[Dataset Boundary: Start]
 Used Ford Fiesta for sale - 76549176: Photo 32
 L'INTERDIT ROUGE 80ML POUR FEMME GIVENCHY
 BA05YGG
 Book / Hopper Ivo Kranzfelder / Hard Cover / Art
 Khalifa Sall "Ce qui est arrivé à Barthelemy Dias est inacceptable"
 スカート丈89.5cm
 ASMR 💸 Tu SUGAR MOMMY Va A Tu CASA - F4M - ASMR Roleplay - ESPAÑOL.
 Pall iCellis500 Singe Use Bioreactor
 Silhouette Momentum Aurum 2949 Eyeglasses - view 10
[Dataset Boundary: End]
[Dataset Boundary: Start]
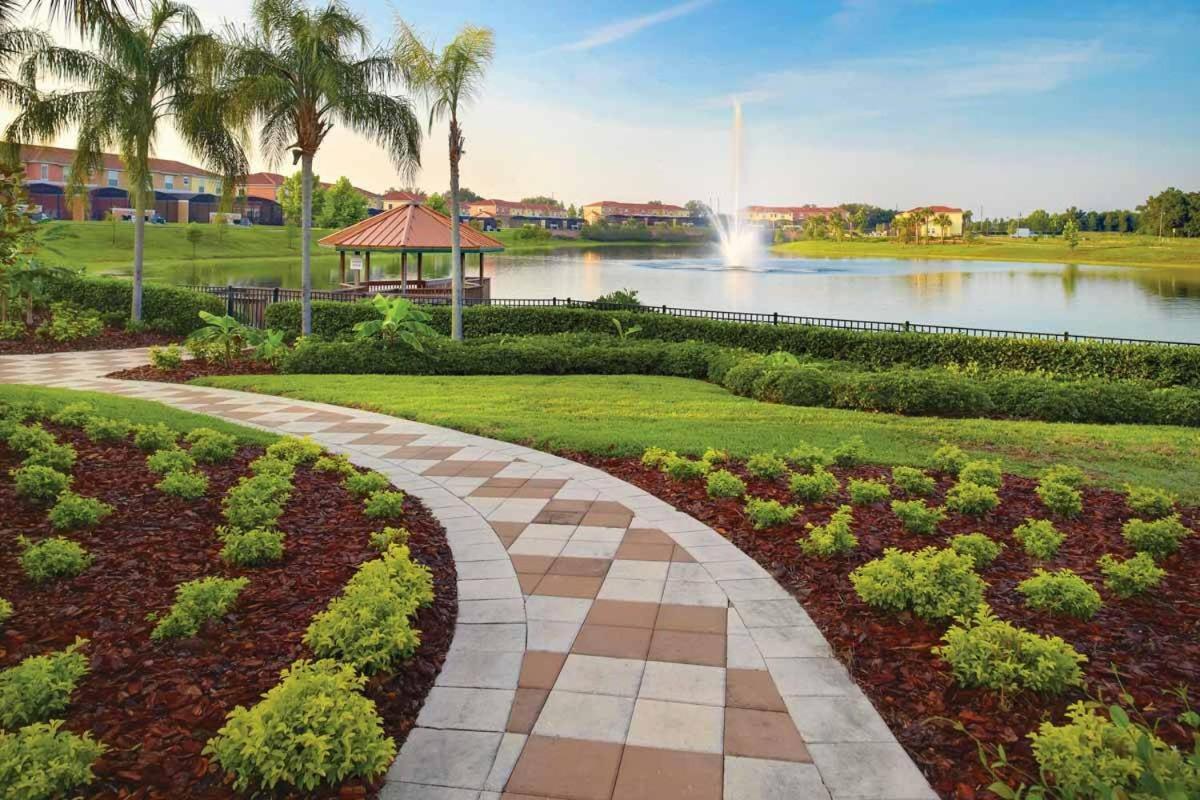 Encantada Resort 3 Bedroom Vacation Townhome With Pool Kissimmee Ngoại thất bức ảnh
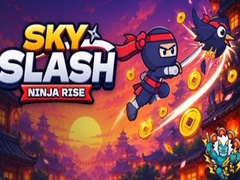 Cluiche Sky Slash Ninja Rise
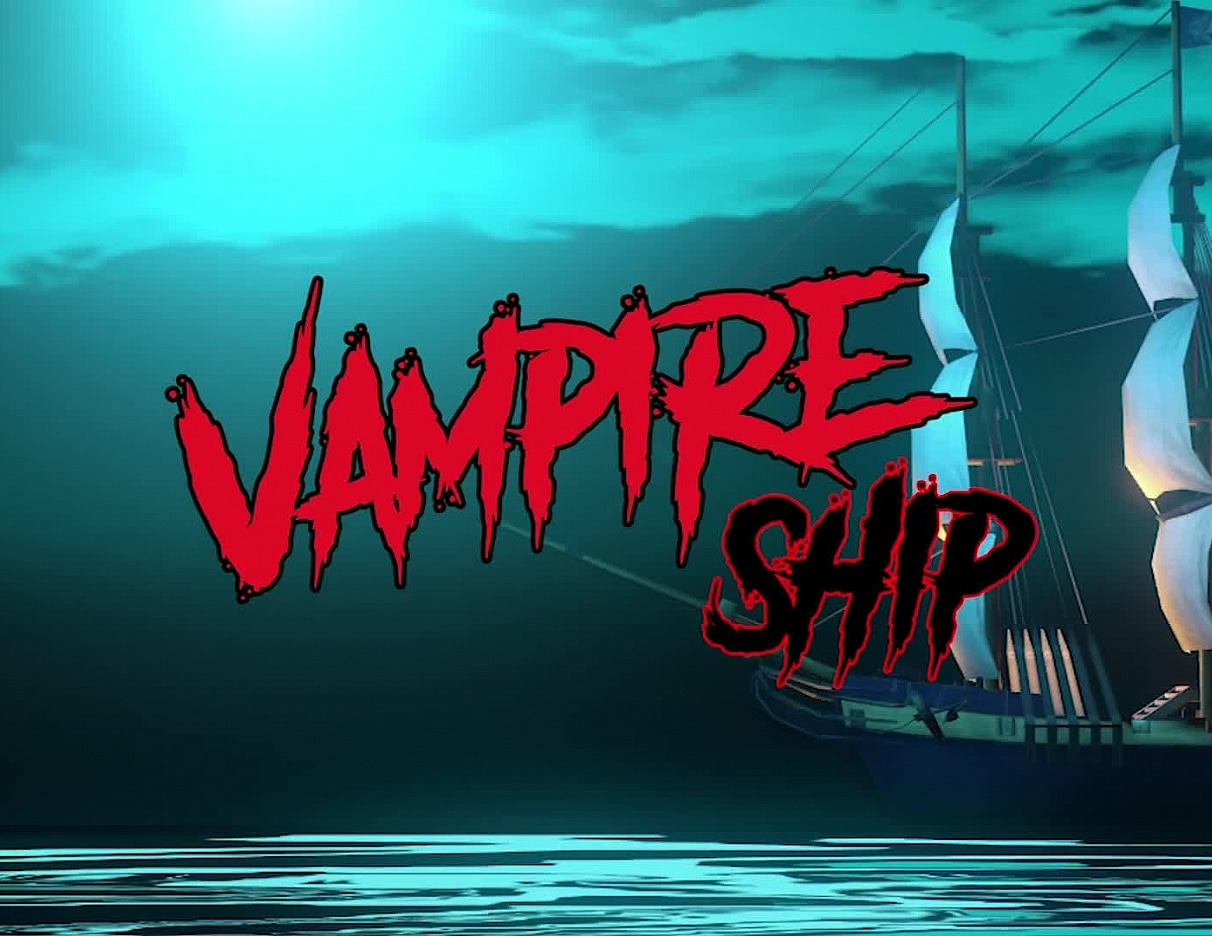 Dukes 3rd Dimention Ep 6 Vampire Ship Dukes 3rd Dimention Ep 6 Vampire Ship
[Dataset Boundary: End]
◆ The task
Range to copy from the listing above: the line containing "Encantada Resort 3" down to the line containing "Dukes 3rd Dimention Ep 6 Vampire Ship Dukes", both included. Reproduce it exactly, minus the pictures, and add nothing.

◆ Output of the exercise
 Encantada Resort 3 Bedroom Vacation Townhome With Pool Kissimmee Ngoại thất bức ảnh
 Cluiche Sky Slash Ninja Rise
 Dukes 3rd Dimention Ep 6 Vampire Ship Dukes 3rd Dimention Ep 6 Vampire Ship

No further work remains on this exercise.